* Problem details
Could the data below please be reproduced word for word, without the pictures?

* Dataset content
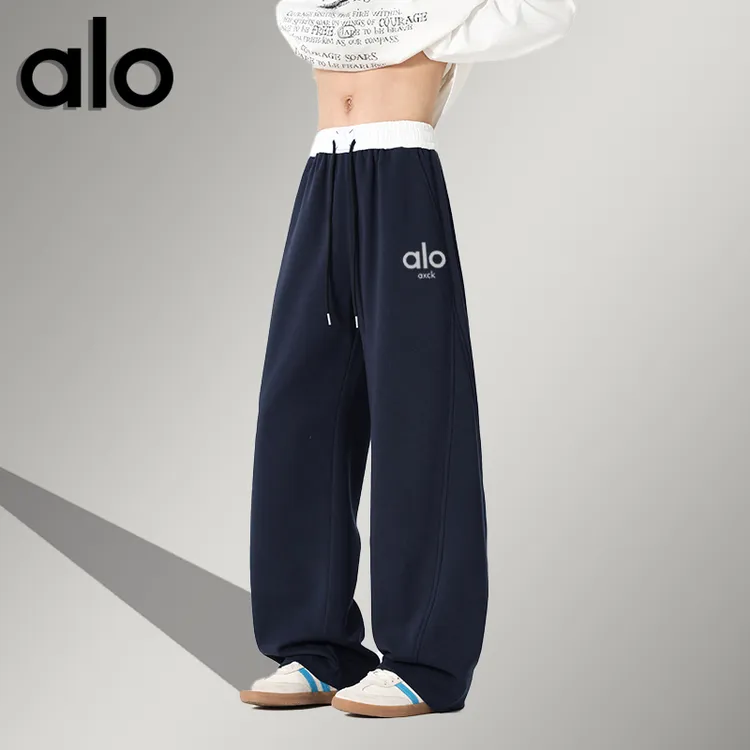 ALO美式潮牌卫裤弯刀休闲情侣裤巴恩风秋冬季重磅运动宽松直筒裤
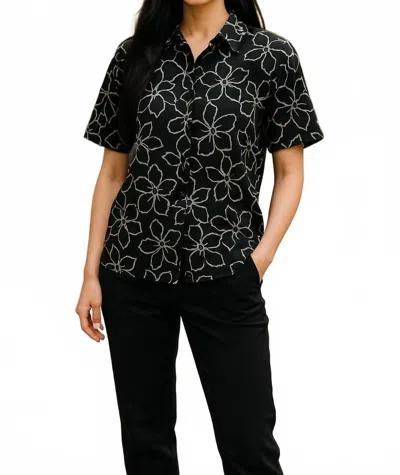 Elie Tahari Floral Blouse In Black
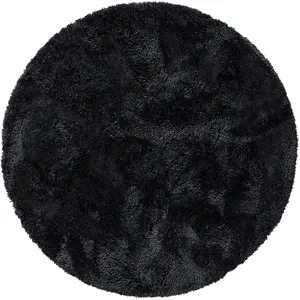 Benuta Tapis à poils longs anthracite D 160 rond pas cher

* Solved problem
 ALO美式潮牌卫裤弯刀休闲情侣裤巴恩风秋冬季重磅运动宽松直筒裤
 Elie Tahari Floral Blouse In Black
 Benuta Tapis à poils longs anthracite D 160 rond pas cher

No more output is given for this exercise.